## Task to complete:
Would you transcribe only the lines from the one holding "this 1000×627 image." through the end of the material, exactly, without any pictures?

## Materials provided:
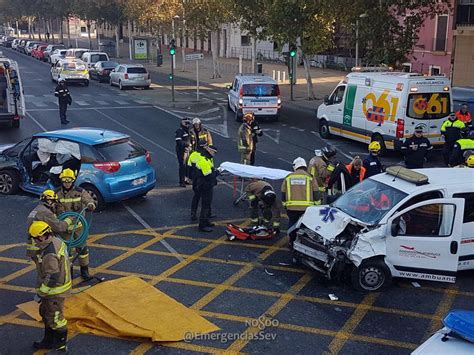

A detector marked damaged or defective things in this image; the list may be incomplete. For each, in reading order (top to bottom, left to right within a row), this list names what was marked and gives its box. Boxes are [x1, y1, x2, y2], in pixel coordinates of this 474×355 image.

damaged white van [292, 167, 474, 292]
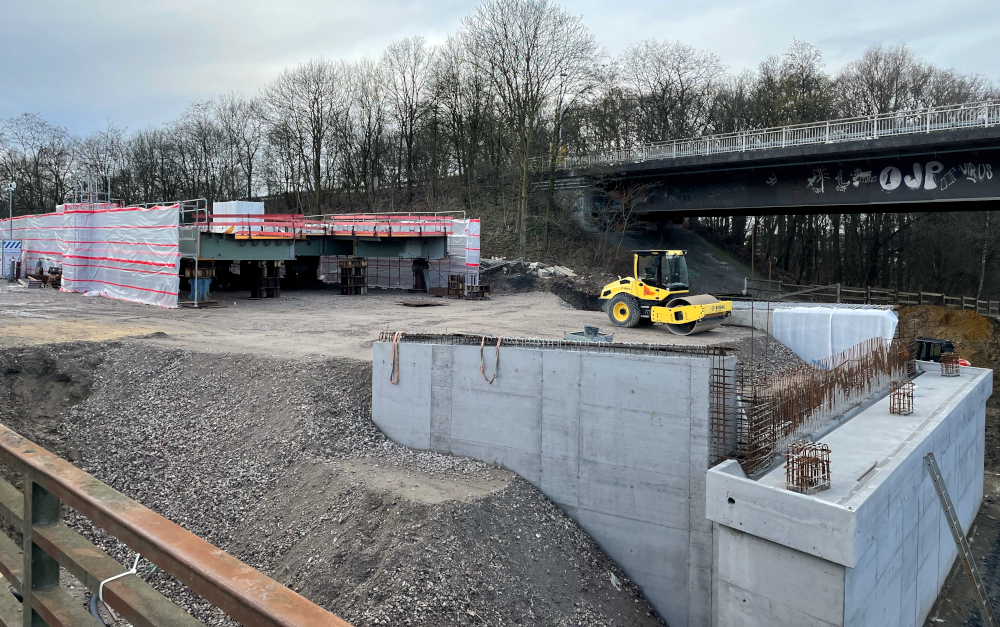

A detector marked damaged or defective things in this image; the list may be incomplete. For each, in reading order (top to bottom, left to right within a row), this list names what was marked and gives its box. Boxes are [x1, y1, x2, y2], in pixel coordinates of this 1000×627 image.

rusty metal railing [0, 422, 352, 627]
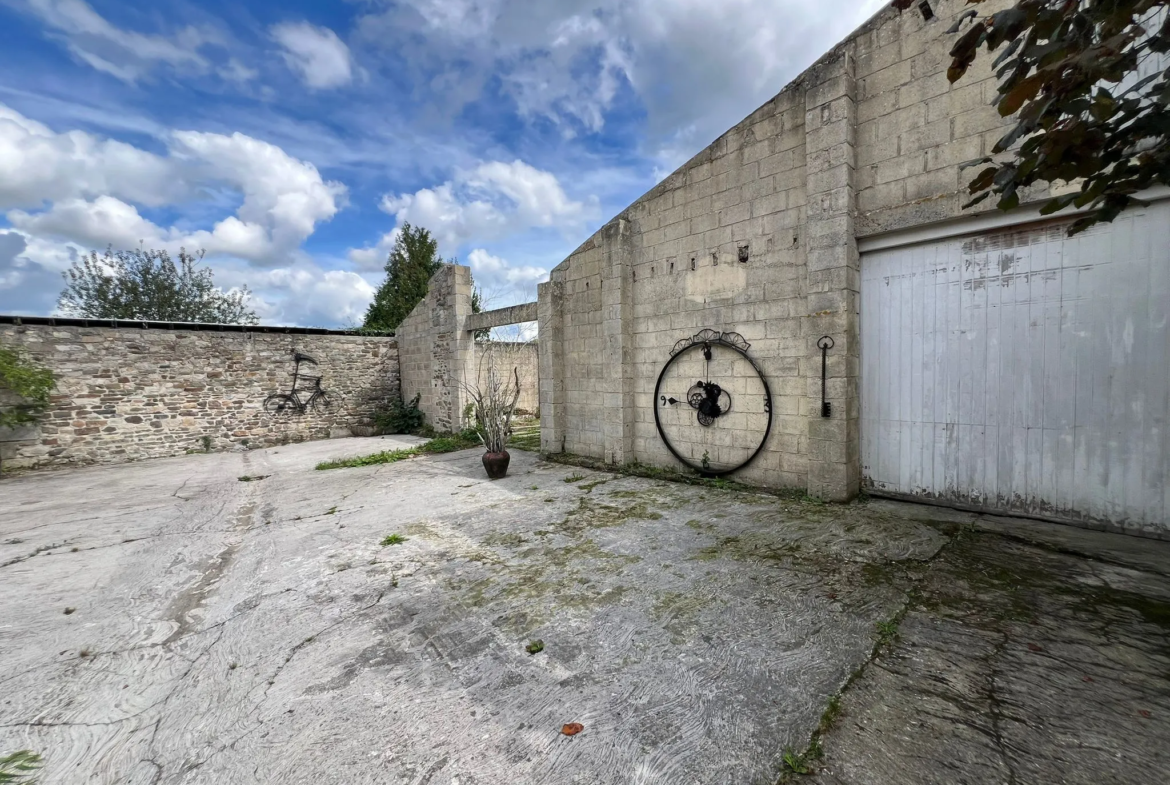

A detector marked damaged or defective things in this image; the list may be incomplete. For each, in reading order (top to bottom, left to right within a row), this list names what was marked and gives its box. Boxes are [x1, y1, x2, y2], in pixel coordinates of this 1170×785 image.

## Written solution:
A detector marked damaged or defective things in this image; the list may be incomplete. For each, in reading order (top to bottom, left to right within a row), this list names what was marked and gives its box. Boxes are [x1, y1, x2, y2], in pixel coordinates of this 1000×627 image.

rusty metal railing [0, 422, 352, 627]

A detector marked damaged or defective things in this image; the list may be incomplete. For each, in reading order (top to bottom, left to right within a row), this list names what was marked and gives its box. Boxes are [x1, y1, x2, y2], in pixel coordinates of this 1170×785 image.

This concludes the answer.